ADEI is a scalable platform to explore, manage, and visualize large archives of time series data. The main objective is to provide a single access point to all control data collected by the various subsystems of a large scientific experiment. ADEI includes a data abstraction layer allowing to integrate data written in different formats, stored in a variety of database engines, and recorded with varying sampling rates. RESTful API is used for integration with general data management system of the experiment. The filtering, search, visualization, and data analysis modules rely on developed caching strategies to provide interactive response also for very large archives. Depending on the expected data rate, ADEI can be either installed on a single server or deployed as multiple scalable components in RedHat's OpenShift cloud platform.

Figure 1: ADEI architecture

The ADEI web frontend is inspired by GoogleMaps interface. Single or multiple time series are plotted using the data from currently selected time interval. Then, the plot could be dragged and zoomed over time and value axes. The region of plot may be selected for detailed statistical analysis or exported in one of the supported formats. ADEI also integrates an WiKi engine and simple interface for statistical analysis. The WiKi provides a way to describe structure of the data and provides several specific extensions on top of standard WiKi syntax to automatically generate channel lists and data preview. A set of statistical modules is available for ADEI to extract extended information from the time series and provide basic insight in cross-correlations between different channels.

Figure 2: ADEI web display

WAVe: Web-based volume visualization

With rapidly growing sizes of the scientific archives, there is a trend of keeping data at facilities and providing remote cloud-based services for data analysis. As part of the effort, we develop online data visualization platform which enables high quality preview of archived data.
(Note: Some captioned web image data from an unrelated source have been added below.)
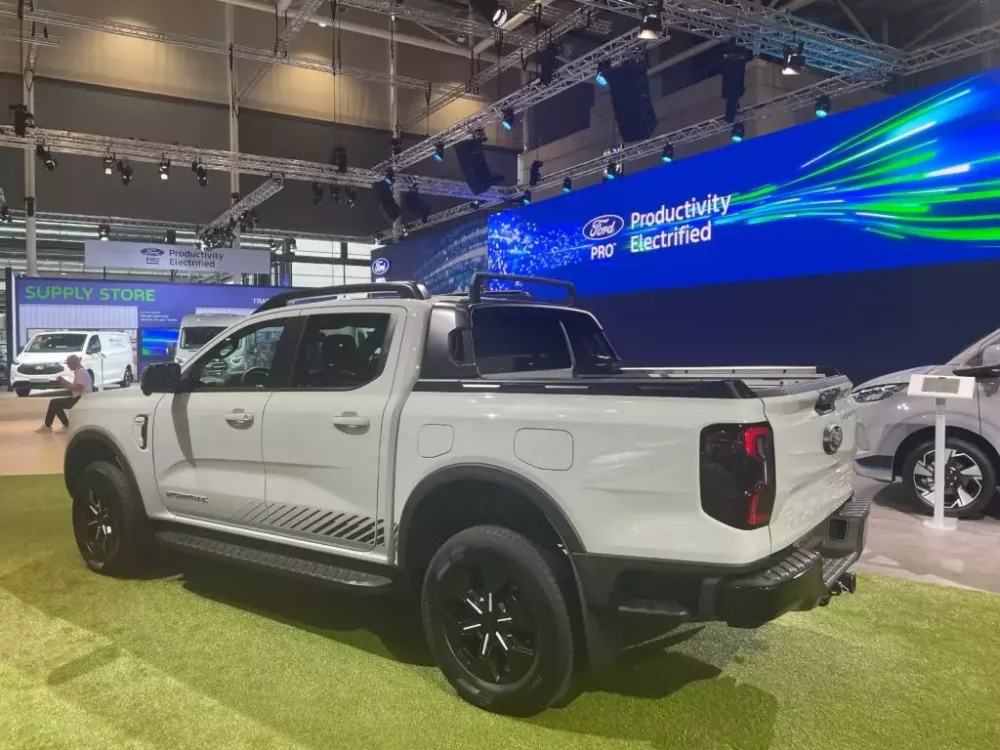 Ford Ranger PHEV 2025 chạy được 45 km mà không tốn 1 giọt xăng.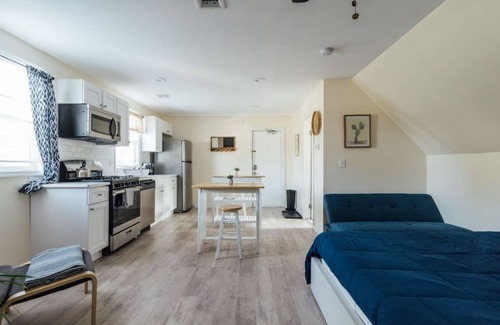 Ewing House | Modern 5⭐ Triplex - PERFECT for your GROUP TRIP!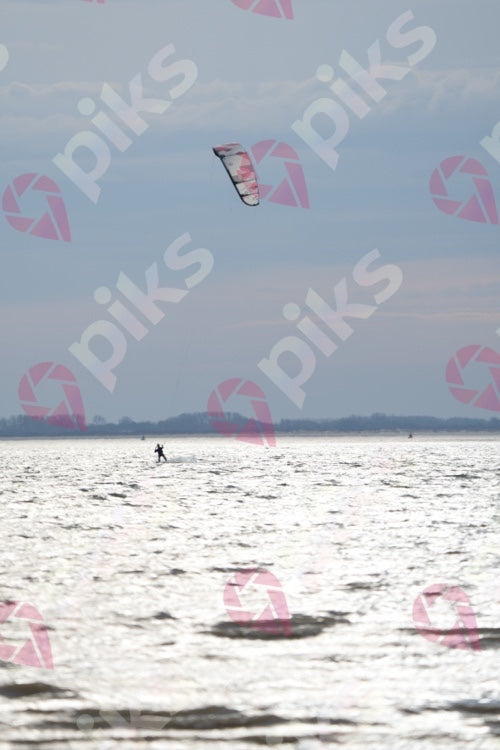 PIKS_E174-70B.jpg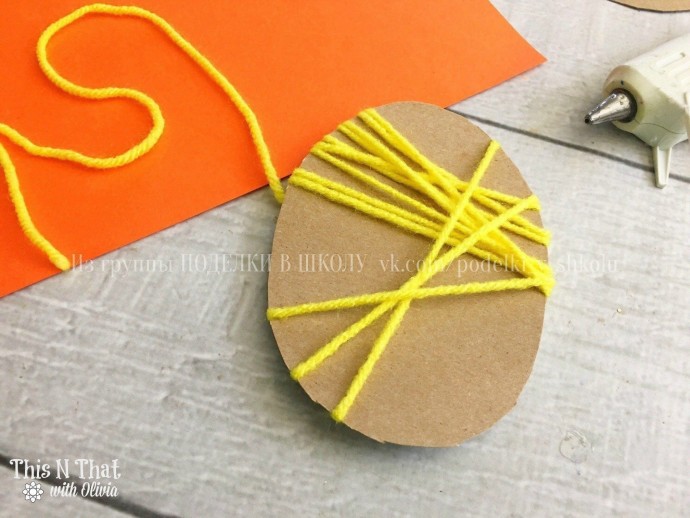 Цыплята из картона и пряжи Цыплята из картона и пряжи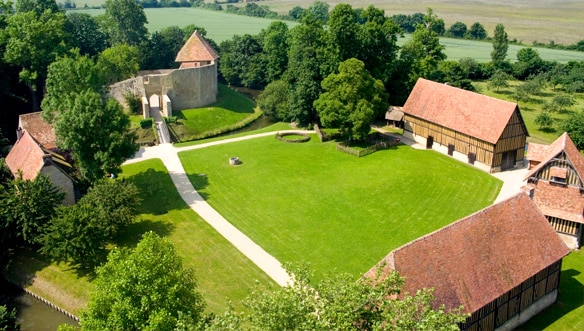 documentaire_chateau_crevecoeur_animations_festival_medievale_reconstitution_moyen-age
Combining client-side and server-side rendering and multi-level cache hierarchy we are able to provide interactive visualization without compromise in image quality. The developed framework supports volume and surface rendering modes and also enables zoom-on-demand approach, where a selected volumetric region is reloaded with higher details.


To provide robust visualization system we are developing a range of technologies:

  • Databases and efficient organization of 3D/4D imaging data

  • Standard image processing methods, e.g. background removal, noise reduction, etc.

  • Basic segmentation methods aimed to remove enclosures and containers around the objects

  • Image and video compression method

  • Remote 3D visualization with WebGL with special emphasis on adaptive quality, progressive loading and fast rendering methods

  • Analysis of user interaction with the aim of developing ML-based methods for system adaptation based on user behaviour and interests, e.g. adaptive image compression

Figure 3: WAVe render view of a screw joint

 

Experiments & Projects

  • CATRIN

  • Edelweiss

  • Meteorological instruments (KIT Cube & Weather Tower)

  • Energy storage (BESS)

  • ASEC & SEVAN

  • TOSKA

  • ASTOR & NOVA

For students

We occasionally offer student topics across a variety of technologies used in our project. The topics range from database technology to cloud computing, image processing, and web-based visualization. The actual offerings are publish on IPE web site.